__THE PROBLEM__
Return the run of lines below that opens with the line containing "size 4. Metallic" and closes with the line containing "Digital planner page", keeping each one exact.

━━━ INFORMATION SHOWN ━━━

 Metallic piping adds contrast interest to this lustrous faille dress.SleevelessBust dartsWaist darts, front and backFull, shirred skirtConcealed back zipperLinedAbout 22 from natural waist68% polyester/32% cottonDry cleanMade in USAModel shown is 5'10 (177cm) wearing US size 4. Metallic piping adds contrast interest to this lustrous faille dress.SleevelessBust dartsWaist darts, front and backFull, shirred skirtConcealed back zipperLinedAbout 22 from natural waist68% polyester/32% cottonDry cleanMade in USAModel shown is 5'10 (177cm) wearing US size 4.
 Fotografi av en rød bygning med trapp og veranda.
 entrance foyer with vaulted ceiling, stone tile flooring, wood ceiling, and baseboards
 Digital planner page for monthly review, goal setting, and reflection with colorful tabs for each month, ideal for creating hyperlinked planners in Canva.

━━━
━━━ INFORMATION SHOWN ━━━

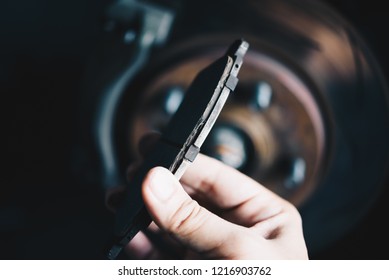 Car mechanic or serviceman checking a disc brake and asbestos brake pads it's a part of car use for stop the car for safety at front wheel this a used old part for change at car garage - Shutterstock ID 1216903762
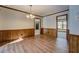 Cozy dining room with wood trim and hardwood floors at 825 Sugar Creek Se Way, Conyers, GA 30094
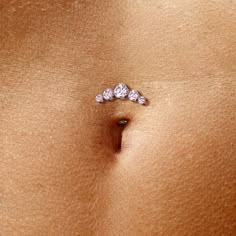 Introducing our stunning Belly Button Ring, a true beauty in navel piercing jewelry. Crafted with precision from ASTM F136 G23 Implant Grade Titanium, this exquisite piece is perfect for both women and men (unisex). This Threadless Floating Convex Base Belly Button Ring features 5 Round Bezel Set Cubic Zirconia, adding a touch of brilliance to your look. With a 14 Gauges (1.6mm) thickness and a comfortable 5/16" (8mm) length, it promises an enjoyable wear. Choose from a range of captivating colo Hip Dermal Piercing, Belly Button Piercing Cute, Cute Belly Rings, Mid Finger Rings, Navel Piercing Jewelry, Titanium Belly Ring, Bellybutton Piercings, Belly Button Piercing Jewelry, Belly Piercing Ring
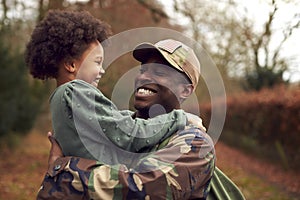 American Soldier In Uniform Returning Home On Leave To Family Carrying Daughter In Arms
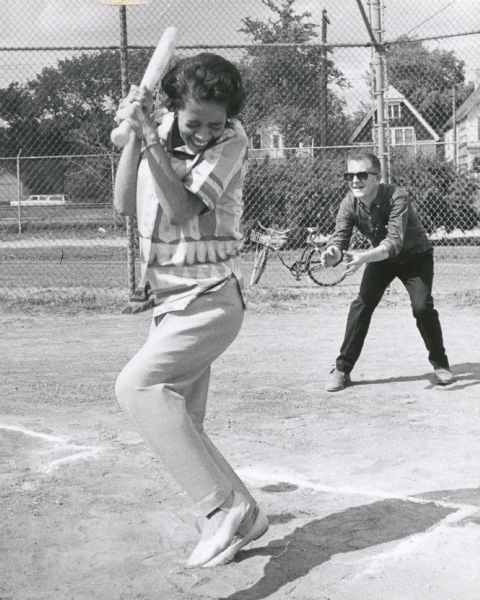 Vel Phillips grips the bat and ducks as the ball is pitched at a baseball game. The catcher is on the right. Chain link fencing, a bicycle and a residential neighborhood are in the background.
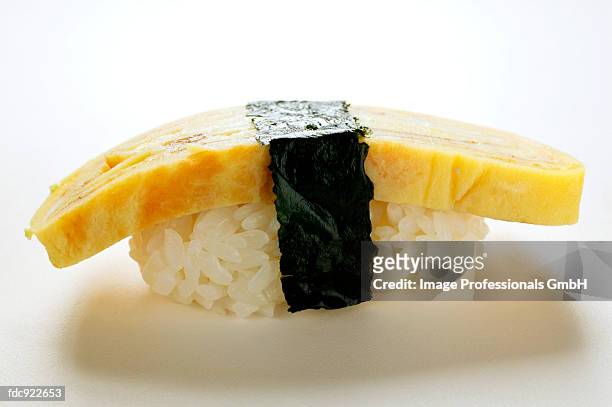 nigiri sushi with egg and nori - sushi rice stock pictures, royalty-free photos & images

━━━

__EXERCISE ANSWER__
 Metallic piping adds contrast interest to this lustrous faille dress.SleevelessBust dartsWaist darts, front and backFull, shirred skirtConcealed back zipperLinedAbout 22 from natural waist68% polyester/32% cottonDry cleanMade in USAModel shown is 5'10 (177cm) wearing US size 4. Metallic piping adds contrast interest to this lustrous faille dress.SleevelessBust dartsWaist darts, front and backFull, shirred skirtConcealed back zipperLinedAbout 22 from natural waist68% polyester/32% cottonDry cleanMade in USAModel shown is 5'10 (177cm) wearing US size 4.
 Fotografi av en rød bygning med trapp og veranda.
 entrance foyer with vaulted ceiling, stone tile flooring, wood ceiling, and baseboards
 Digital planner page for monthly review, goal setting, and reflection with colorful tabs for each month, ideal for creating hyperlinked planners in Canva.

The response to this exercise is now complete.